Give the lines below again, exactly as they stand, and leave out the images.

(Web page caption snippets)
-*-

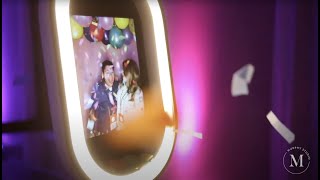 This Sleek And Fun Photo Booth Will Impress Your Wedding Guests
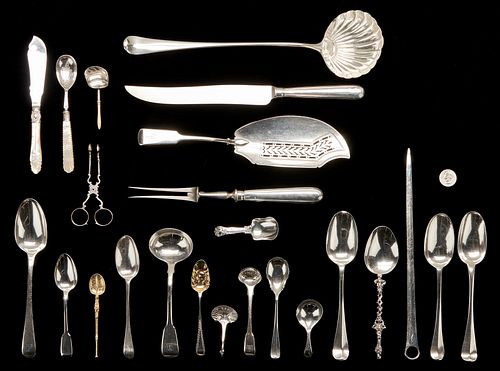 24 PCS. ENGLISH FLATWARE INC. GEO
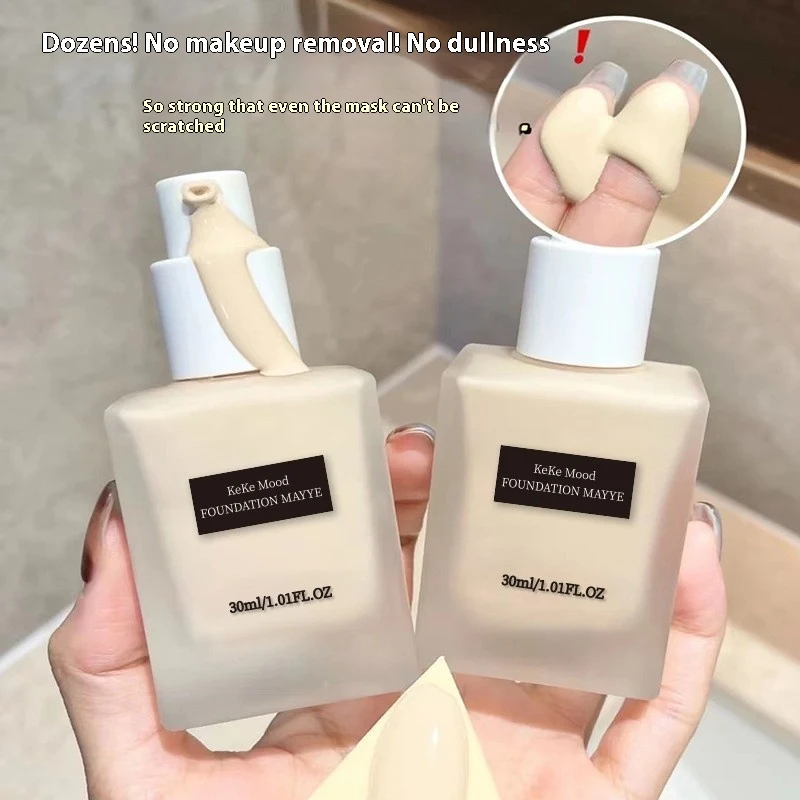 Vloeibare Foundation Oplichtend Concealer BB Cream Hydraterend Langdurig Smeerproof Make-up voor een stralende teint — foto 3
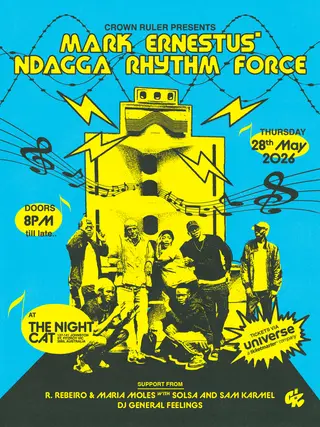 Crown Ruler pres. Mark Ernestus' Ndagga Rhythm Force at The Night Cat Crown Ruler pres. Mark Ernestus' Ndagga Rhythm Force at The Night Cat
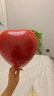 贞嘻结婚气球红色爱心气球飘空求婚婚礼婚房布置室内结婚装饰表白道具 双层爱心气球50个【气筒+丝带】 实拍图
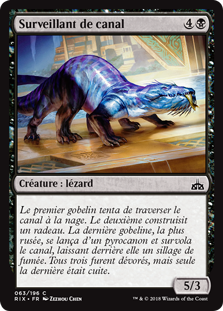 Surveillant de canal - Les combattants d'Ixalan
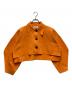 ENFOLD（エンフォルド）の古着「SOUTIEN COLLAR SHORT CARDIGAN」｜オレンジ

-*-

◆ Task answer ◆
 This Sleek And Fun Photo Booth Will Impress Your Wedding Guests
 24 PCS. ENGLISH FLATWARE INC. GEO
 Vloeibare Foundation Oplichtend Concealer BB Cream Hydraterend Langdurig Smeerproof Make-up voor een stralende teint — foto 3
 Crown Ruler pres. Mark Ernestus' Ndagga Rhythm Force at The Night Cat Crown Ruler pres. Mark Ernestus' Ndagga Rhythm Force at The Night Cat
 贞嘻结婚气球红色爱心气球飘空求婚婚礼婚房布置室内结婚装饰表白道具 双层爱心气球50个【气筒+丝带】 实拍图
 Surveillant de canal - Les combattants d'Ixalan
 ENFOLD（エンフォルド）の古着「SOUTIEN COLLAR SHORT CARDIGAN」｜オレンジ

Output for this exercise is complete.